Ninth Circuit bestätigt Contempt-Befund gegen Apple im Epic-Verfahren

Der U.S. Court of Appeals for the Ninth Circuit hat am 11. Dezember 2025 in der Sache Epic Games, Inc. v. Apple Inc. (Az. 25-2935) entschieden, dass Apple zivilrechtlich gegen eine bestehende Gerichtsanordnung verstoßen hat. Damit stützt das Berufungsgericht eine Feststellung des U.S. District Court for the Northern District of California. Dieses hatte am 30. April 2025, nach Beweisaufnahmen im Mai 2024 und im Februar 2025, einen willentlichen Verstoß Apples gegen die ursprüngliche Verfügung festgestellt. Der Spruchkörper bestand aus den Circuit Judges Sidney R. Thomas und Milan D. Smith, Jr. sowie Chief District Judge Michael J. McShane. Die Entscheidung verfasste Milan D. Smith, Jr.

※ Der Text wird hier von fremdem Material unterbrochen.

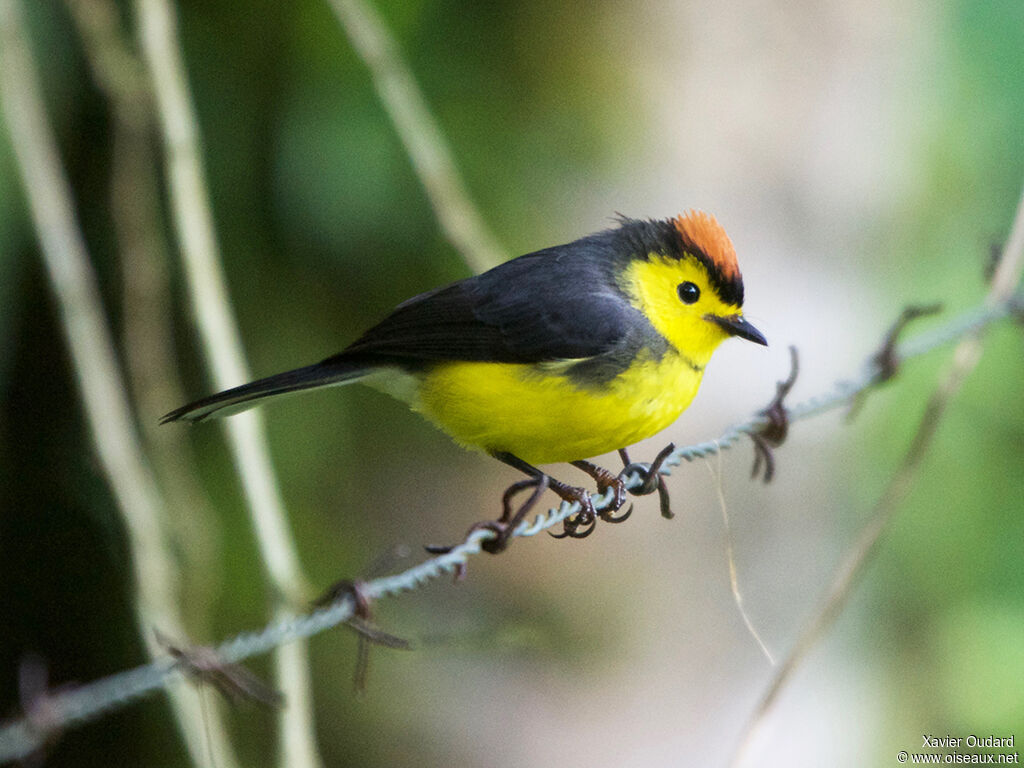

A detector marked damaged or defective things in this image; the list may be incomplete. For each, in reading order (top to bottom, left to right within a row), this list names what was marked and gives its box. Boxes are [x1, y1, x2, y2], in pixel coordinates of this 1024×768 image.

rusty barb [749, 348, 802, 483]
rusty barb [150, 630, 284, 708]
rusty barb [309, 581, 409, 696]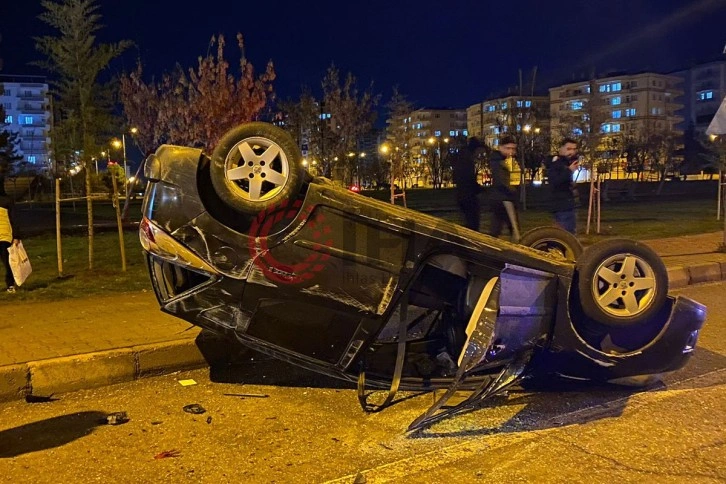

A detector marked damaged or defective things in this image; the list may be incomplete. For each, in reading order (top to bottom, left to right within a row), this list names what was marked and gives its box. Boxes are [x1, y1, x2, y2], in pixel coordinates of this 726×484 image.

overturned car [139, 123, 708, 430]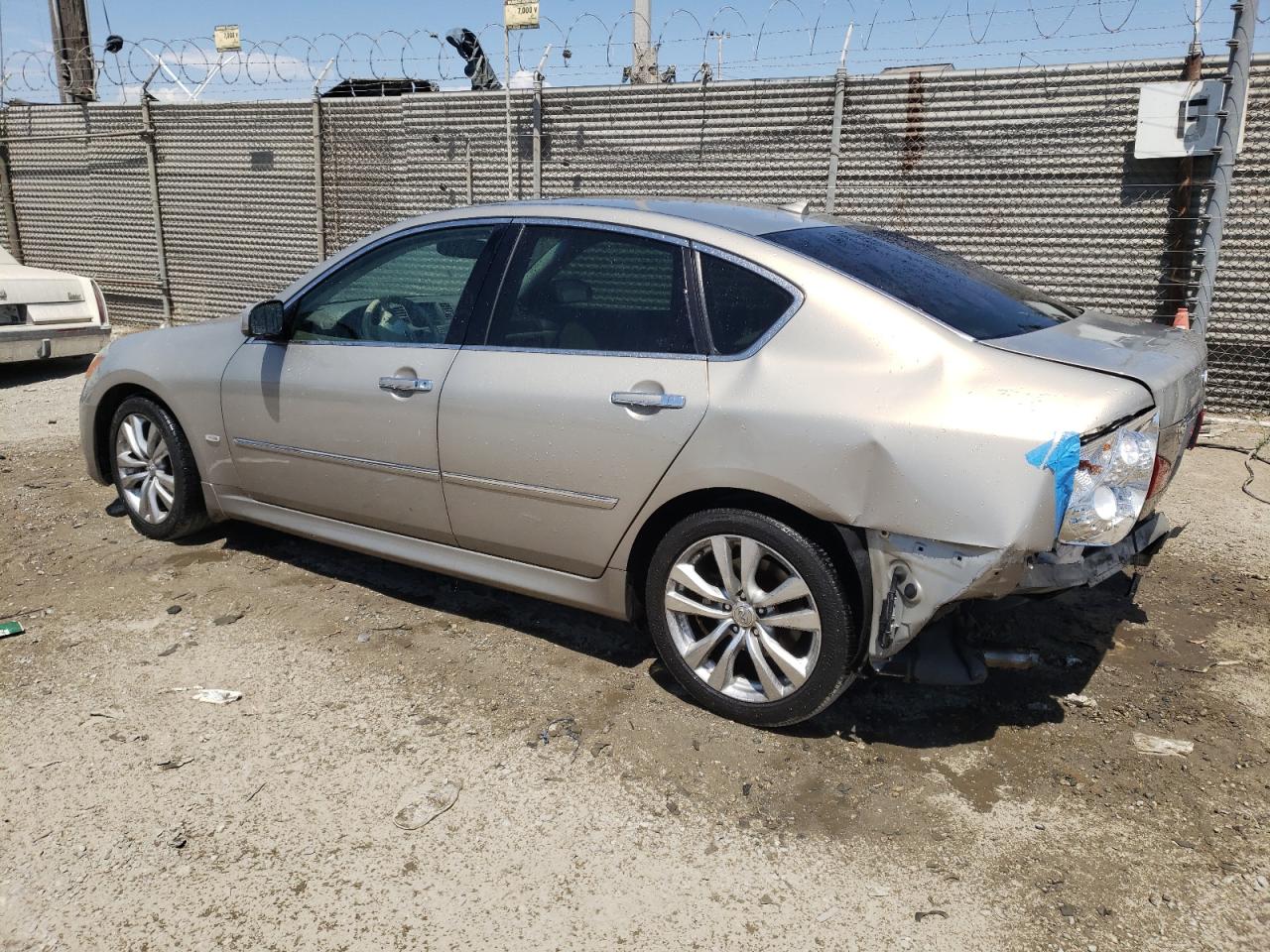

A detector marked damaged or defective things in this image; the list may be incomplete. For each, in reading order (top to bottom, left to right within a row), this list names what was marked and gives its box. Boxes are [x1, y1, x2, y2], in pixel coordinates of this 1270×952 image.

damaged gold sedan [76, 197, 1199, 726]
crumpled rear bumper [1012, 512, 1175, 595]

Worum es bei der Anti-Steering-Anordnung geht

Den Ausgangspunkt bildet die dauerhafte Verfügung aus dem Verfahren von 2021. Sie untersagte Apple, App-Store-Entwicklern das Einbinden von Buttons, Links oder anderen Handlungsaufforderungen zu verbieten, die Nutzer zu Kaufabschlüssen außerhalb der App leiten. Das Berufungsgericht kam zu dem Schluss, dass eine klare und überzeugende Beweislage die Wertung der Vorinstanz trägt: Apples Verhalten nach Erlass der Verfügung habe sowohl deren Wortlaut als auch deren Sinn unterlaufen. Apples Vorgaben zur Gestaltung und Platzierung der Links hätten Entwickler daran gehindert, Nutzer wirksam auf alternative Zahlungswege zu führen. Der Kern des Contempt-Befunds bleibt damit in vollem Umfang bestehen. Wie das Verfahren mit dem App Store verbunden ist, zeigt auch die Berichterstattung von XboxDev zu den Plattformregeln.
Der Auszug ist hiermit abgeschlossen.